Left:  Added loft                                                                      Right:  better angles at impact.

We finished this session up by getting on the Trackman and DT testing my swing path control by asking me to hit various swing path numbers – right up to extreme ones.   A positive TrackMan swing path is what I am always looking for as this is coming from the inside.  A negative swing path for me is my problem swing, as it is me coming over the top and across the ball encouraging a slice of the ball – especially a problem with the driver.  This video shows what we mean:



The first putting lesson of the year and we have to do it indoors due to the weather.  Not ideal but it meant we could just work on the putting path and releasing the ball on a path that we intend to rather than pulling it or pushing it.   The Visio Putting kit came out to great effect.  Putting is a big part of my game that I am looking at working on this year as last year a 3 putt was far too common.
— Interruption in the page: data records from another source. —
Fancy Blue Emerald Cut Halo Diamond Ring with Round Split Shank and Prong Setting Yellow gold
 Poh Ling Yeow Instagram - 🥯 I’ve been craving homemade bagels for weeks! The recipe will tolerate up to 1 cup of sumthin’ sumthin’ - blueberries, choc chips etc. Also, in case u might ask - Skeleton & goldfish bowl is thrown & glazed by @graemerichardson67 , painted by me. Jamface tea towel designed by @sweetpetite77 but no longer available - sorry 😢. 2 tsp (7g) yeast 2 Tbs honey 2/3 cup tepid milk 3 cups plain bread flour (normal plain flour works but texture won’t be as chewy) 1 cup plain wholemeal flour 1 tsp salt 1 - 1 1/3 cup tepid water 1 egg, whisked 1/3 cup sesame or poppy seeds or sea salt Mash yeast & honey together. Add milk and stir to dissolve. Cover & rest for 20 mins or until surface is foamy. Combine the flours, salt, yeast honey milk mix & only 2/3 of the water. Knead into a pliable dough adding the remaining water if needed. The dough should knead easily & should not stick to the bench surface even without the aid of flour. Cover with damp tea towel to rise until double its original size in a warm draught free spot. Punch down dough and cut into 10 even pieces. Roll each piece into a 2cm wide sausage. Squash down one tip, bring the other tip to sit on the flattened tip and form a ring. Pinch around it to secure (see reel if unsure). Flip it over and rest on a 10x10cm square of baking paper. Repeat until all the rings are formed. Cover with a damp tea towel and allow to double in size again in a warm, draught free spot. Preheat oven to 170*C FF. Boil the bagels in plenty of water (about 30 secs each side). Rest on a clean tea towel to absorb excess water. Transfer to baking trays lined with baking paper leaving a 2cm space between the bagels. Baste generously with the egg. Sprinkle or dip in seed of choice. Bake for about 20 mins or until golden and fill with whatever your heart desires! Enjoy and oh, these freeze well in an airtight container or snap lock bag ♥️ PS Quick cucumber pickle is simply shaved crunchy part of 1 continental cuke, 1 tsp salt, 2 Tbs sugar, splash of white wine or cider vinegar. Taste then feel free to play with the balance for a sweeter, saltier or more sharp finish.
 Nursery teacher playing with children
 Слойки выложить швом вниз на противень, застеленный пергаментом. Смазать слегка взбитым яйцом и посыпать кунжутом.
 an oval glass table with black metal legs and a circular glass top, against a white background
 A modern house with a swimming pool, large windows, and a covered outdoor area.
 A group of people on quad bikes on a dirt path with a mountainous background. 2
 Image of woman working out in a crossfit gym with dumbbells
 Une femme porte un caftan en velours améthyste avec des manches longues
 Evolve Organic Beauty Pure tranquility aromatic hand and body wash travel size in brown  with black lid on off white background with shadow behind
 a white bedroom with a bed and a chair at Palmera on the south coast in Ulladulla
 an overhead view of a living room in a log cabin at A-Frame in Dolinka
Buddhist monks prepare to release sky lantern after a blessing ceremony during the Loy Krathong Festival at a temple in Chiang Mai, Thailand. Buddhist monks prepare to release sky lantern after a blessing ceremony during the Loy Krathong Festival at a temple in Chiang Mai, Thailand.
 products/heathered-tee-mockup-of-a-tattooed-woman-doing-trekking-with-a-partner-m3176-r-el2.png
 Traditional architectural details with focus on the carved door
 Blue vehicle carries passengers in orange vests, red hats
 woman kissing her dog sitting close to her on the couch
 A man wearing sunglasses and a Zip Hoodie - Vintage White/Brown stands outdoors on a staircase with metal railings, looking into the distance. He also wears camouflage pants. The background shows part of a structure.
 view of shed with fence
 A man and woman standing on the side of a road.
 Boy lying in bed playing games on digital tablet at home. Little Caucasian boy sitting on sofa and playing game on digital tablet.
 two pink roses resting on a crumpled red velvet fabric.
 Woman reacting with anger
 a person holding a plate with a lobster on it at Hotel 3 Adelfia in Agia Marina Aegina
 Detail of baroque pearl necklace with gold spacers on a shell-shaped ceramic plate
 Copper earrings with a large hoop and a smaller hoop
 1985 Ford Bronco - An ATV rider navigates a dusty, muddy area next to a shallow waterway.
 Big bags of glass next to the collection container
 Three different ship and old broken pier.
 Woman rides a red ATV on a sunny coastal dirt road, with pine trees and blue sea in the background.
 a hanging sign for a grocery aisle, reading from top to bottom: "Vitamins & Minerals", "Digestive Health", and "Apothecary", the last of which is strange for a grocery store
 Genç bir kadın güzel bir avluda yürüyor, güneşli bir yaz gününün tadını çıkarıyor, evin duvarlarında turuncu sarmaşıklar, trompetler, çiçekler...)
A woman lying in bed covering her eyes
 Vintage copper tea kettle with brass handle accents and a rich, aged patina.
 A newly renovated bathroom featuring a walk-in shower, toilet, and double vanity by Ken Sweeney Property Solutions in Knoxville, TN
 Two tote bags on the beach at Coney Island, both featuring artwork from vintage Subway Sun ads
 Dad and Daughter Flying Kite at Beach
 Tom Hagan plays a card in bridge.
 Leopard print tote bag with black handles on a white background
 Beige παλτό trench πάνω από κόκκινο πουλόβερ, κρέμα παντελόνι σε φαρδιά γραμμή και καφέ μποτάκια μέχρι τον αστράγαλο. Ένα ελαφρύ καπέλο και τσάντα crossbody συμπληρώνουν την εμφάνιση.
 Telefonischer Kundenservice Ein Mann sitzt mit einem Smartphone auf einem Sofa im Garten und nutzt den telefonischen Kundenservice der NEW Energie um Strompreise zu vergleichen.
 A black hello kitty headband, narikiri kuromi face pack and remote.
After some work, including slo-mo recording of the putter head through the putting stroke and the feedback from the simple gate drill we could see that I could get the ball off 80-85% of the time on the desired path.   My problem that led to 3 putts last season which we will have to work on when the weather picks up is that distance control to give myself a decent shout at a 2nd putt being makeable rather than a tough putt.   Prestbury greens are very true but can be extremely quick.  Last year my first year on the course I either sped past them or was afraid of them so put the brakes on and lagged it.


The winter has well and truly come this week with the snow.  I hope that it clears quickly as Easter and the first comps of the season are not far away at all!